The speed and accuracy of search engines have rendered easy-to-guess web addresses unnecessary

Written by David Neal

Sometimes, when I am taking a break from staring blankly out of my window, I look about the office and see what other people are up to. Sadly, it is usually work, but occasionally it is quite interesting stuff.

For example, some of my colleagues have been trying to come up with a domain name for a spin-off from the IT Week site. Most of the discussions have been on what to call it, and, predictably, all my suggestions have gone down as badly as the name I suggested my friends give their baby boy. For some reason, they didn’t think Lupin befitted a child who is likely to spend his formative years in Peckham.

But what’s in a name anyway? Whenever I want to find something on the internet these days, I just type what I want into the handy drop-down Google toolbar search box that comes as part of the Firefox browser that I use. Some sites, like a few of the more niche pages I look at, take a bit of creative googling: monkeys + news + “man on top of tower in short shorts” is a good example. Drilling down in this way makes it a lot easier to find what I am looking for and beats pure guesswork, such as typing “randommonkeynews.com” into the address bar of my browser.

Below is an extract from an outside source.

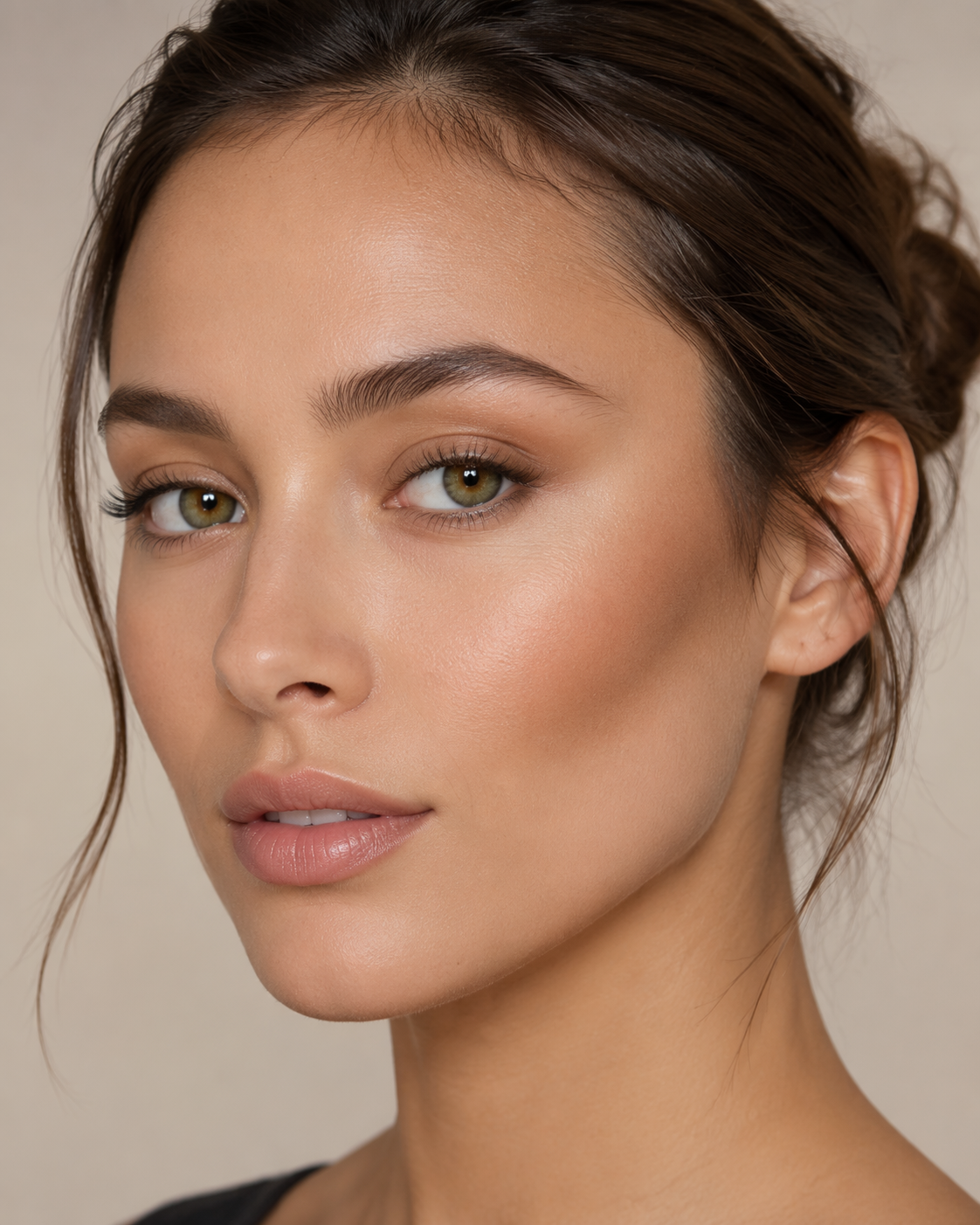 Dreamina virtual contour try on prompt example 1: Subtle Contour Makeup Portrait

Once upon a time, I would have typed “weather” “holiday” “football” or “shopping” with either a .com or .co.uk suffix. This had varying degrees of success – usually down the wrong end of the sliding scale of success. Please kids, never blindly search for the Whitehouse page, it will end in tears.

Nowadays, when my Luddite friends start typing general words into their address bar, I snatch the mouse from them and suggest that they just Google it. Once they finish howling, this usually works – at least in terms of finding what we are looking for on the interweb.

When I started at IT Week we all thought that the sites that would come to rule the web would be the ones that had domain names that were easy to guess. But this hasn’t happened. Net browsing, sadly, is not so straightforward.

I attended the Technology for Marketing show at Olympia for a couple of manic hours early last week and found out that while I know nothing about web marketing, web presence boosting and paying or bidding on clicks, I do know that it is bloody complicated.

It seems that the role of the web manager is blurring with that of the marketing people as hidden content, and actual content, becomes more important to establishing a successful web site than what name it has.

Is that clear to you? Nah, me neither. Perhaps I’d better spend less time staring out of my window.